COPOD: Copula-Based Outlier Detection
It addresses the problem of high complexity and low interpretability in outlier detection for data analysis, offering a novel solution with broad applicability.
The paper tackles outlier detection by proposing COPOD, a copula-based algorithm that is parameter-free, interpretable, and computationally efficient, achieving superior performance on 30 benchmark datasets with high speed.

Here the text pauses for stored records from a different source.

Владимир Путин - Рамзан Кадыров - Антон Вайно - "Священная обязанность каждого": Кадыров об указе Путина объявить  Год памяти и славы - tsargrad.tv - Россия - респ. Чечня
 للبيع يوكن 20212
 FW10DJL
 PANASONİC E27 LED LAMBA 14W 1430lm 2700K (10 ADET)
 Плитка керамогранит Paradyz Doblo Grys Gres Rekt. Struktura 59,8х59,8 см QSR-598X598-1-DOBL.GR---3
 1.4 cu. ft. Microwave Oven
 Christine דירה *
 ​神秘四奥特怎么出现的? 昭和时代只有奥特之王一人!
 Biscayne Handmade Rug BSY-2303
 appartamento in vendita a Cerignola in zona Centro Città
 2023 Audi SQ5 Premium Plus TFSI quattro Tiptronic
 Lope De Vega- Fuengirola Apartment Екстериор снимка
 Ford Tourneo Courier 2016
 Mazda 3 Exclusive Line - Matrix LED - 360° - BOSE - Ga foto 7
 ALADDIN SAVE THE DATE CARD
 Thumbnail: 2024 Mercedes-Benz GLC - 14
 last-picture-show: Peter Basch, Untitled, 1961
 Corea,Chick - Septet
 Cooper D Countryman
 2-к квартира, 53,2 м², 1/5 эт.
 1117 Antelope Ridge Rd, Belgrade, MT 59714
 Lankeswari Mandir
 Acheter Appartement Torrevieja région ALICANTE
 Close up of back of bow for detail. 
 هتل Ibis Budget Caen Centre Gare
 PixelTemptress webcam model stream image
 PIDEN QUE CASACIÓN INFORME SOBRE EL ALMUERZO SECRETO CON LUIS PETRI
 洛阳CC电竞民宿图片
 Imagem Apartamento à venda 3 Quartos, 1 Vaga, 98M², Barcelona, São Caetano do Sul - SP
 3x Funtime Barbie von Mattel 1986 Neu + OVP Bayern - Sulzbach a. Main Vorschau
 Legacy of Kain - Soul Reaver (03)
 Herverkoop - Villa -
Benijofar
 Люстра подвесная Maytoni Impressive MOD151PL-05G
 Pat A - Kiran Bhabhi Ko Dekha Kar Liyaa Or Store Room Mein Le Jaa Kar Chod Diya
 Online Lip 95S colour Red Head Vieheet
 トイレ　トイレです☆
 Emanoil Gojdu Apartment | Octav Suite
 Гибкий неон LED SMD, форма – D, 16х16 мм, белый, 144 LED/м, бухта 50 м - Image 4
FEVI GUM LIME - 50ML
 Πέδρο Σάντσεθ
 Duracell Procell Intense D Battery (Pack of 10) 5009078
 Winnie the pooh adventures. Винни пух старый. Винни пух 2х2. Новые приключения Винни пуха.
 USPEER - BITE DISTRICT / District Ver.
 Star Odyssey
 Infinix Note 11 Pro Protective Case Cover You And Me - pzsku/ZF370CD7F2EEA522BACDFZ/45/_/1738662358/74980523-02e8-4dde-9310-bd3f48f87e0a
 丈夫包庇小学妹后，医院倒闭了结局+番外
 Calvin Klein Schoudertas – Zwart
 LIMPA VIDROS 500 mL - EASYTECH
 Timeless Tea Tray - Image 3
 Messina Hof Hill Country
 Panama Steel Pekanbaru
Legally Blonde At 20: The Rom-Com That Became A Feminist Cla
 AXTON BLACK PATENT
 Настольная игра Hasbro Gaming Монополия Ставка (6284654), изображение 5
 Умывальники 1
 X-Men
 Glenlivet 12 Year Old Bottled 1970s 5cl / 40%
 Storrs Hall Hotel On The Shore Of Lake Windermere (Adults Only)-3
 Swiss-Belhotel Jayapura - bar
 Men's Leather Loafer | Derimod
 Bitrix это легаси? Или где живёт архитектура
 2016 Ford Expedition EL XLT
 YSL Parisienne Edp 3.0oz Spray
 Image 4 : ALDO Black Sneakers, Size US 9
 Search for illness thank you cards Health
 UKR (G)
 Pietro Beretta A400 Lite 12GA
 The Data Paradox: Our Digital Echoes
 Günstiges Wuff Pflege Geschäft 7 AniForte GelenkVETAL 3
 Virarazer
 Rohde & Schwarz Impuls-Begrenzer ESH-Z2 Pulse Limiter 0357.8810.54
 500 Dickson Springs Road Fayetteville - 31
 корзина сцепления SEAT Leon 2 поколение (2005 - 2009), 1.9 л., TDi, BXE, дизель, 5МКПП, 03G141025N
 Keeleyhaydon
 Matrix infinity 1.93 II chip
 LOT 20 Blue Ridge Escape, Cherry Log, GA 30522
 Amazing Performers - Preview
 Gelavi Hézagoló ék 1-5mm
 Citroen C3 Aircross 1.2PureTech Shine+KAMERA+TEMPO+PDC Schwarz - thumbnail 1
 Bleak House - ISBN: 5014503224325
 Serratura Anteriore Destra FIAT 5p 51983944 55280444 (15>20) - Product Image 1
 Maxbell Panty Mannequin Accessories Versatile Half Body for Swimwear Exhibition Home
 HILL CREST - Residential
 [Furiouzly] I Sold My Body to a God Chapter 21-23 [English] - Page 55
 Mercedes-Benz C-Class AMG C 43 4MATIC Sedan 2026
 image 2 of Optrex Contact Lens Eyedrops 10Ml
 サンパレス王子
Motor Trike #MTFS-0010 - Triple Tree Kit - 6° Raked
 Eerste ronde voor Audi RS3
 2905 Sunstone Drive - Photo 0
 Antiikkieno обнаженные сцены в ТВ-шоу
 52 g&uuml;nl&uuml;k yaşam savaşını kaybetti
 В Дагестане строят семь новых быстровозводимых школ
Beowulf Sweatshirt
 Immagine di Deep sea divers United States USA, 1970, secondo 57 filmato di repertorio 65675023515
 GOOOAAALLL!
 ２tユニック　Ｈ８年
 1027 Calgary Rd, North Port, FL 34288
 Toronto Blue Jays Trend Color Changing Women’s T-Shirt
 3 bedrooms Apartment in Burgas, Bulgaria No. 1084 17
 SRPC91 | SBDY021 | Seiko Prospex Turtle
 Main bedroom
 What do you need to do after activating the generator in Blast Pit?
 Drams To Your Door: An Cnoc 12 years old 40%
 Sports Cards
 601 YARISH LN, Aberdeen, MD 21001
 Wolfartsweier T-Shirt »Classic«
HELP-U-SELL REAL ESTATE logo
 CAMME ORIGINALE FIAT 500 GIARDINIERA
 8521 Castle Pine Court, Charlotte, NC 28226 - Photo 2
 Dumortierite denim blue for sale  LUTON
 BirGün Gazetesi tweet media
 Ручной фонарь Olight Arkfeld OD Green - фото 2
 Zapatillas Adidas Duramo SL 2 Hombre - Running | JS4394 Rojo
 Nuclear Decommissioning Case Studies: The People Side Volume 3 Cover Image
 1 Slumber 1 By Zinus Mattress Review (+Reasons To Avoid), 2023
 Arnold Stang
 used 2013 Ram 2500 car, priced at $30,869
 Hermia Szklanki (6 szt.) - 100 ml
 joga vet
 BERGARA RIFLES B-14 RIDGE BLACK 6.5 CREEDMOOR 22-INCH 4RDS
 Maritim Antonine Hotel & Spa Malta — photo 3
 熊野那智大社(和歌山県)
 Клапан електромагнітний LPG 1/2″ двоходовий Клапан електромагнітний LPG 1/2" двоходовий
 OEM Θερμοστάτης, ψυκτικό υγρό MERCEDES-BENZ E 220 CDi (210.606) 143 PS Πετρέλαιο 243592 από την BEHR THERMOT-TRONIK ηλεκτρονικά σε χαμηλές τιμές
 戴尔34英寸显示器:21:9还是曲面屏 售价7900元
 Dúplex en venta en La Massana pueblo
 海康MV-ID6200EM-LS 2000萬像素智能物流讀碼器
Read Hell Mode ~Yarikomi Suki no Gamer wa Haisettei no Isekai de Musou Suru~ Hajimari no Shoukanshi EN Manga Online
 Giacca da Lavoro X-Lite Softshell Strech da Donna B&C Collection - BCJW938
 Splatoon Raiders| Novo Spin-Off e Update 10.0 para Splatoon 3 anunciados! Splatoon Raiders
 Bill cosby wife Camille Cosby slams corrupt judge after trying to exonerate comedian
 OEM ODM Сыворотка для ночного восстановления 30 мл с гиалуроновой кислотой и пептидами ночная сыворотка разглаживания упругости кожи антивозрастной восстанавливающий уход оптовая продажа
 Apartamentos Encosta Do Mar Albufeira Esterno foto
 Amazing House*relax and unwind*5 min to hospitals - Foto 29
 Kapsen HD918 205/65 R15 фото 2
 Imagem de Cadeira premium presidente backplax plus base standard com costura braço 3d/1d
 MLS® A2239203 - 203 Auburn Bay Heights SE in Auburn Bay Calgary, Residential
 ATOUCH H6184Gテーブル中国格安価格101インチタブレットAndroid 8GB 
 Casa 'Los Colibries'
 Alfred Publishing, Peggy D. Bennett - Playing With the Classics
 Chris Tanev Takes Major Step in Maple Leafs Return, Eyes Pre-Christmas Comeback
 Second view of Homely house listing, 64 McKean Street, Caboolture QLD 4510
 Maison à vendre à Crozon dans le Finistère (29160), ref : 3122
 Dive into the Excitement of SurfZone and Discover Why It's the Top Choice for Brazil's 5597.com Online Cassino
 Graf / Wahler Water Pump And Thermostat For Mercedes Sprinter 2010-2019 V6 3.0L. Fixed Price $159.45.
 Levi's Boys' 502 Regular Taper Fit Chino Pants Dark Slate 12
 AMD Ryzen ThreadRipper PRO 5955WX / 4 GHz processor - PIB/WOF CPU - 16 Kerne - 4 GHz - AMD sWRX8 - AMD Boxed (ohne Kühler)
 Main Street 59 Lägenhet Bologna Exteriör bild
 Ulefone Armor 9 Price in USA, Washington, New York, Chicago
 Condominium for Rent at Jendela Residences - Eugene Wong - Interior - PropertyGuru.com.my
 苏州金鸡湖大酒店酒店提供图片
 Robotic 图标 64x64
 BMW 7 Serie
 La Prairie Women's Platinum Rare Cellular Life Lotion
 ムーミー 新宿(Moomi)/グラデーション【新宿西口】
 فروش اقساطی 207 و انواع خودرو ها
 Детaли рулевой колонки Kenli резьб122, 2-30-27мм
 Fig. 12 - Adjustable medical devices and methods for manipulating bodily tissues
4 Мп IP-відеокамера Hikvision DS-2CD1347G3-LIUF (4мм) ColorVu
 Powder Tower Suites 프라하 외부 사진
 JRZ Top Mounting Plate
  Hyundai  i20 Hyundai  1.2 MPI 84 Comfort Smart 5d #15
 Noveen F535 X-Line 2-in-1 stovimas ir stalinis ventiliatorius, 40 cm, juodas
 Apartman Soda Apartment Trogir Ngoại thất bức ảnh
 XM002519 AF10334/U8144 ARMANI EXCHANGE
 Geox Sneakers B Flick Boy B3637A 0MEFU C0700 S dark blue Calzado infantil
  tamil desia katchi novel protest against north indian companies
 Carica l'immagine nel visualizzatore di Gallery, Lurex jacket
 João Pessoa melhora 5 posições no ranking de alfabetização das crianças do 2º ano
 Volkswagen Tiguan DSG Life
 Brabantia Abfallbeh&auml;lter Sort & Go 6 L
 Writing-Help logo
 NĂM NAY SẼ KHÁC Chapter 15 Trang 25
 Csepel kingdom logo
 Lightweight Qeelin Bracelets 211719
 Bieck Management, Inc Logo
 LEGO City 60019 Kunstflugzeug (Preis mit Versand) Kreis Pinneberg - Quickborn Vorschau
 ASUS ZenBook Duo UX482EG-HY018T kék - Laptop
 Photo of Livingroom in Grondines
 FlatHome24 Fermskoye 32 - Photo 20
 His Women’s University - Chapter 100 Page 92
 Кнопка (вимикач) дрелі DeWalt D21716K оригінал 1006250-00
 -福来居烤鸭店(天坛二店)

Outlier detection refers to the identification of rare items that are deviant from the general data distribution. Existing approaches suffer from high computational complexity, low predictive capability, and limited interpretability. As a remedy, we present a novel outlier detection algorithm called COPOD, which is inspired by copulas for modeling multivariate data distribution. COPOD first constructs an empirical copula, and then uses it to predict tail probabilities of each given data point to determine its level of "extremeness". Intuitively, we think of this as calculating an anomalous p-value. This makes COPOD both parameter-free, highly interpretable, and computationally efficient. In this work, we make three key contributions, 1) propose a novel, parameter-free outlier detection algorithm with both great performance and interpretability, 2) perform extensive experiments on 30 benchmark datasets to show that COPOD outperforms in most cases and is also one of the fastest algorithms, and 3) release an easy-to-use Python implementation for reproducibility.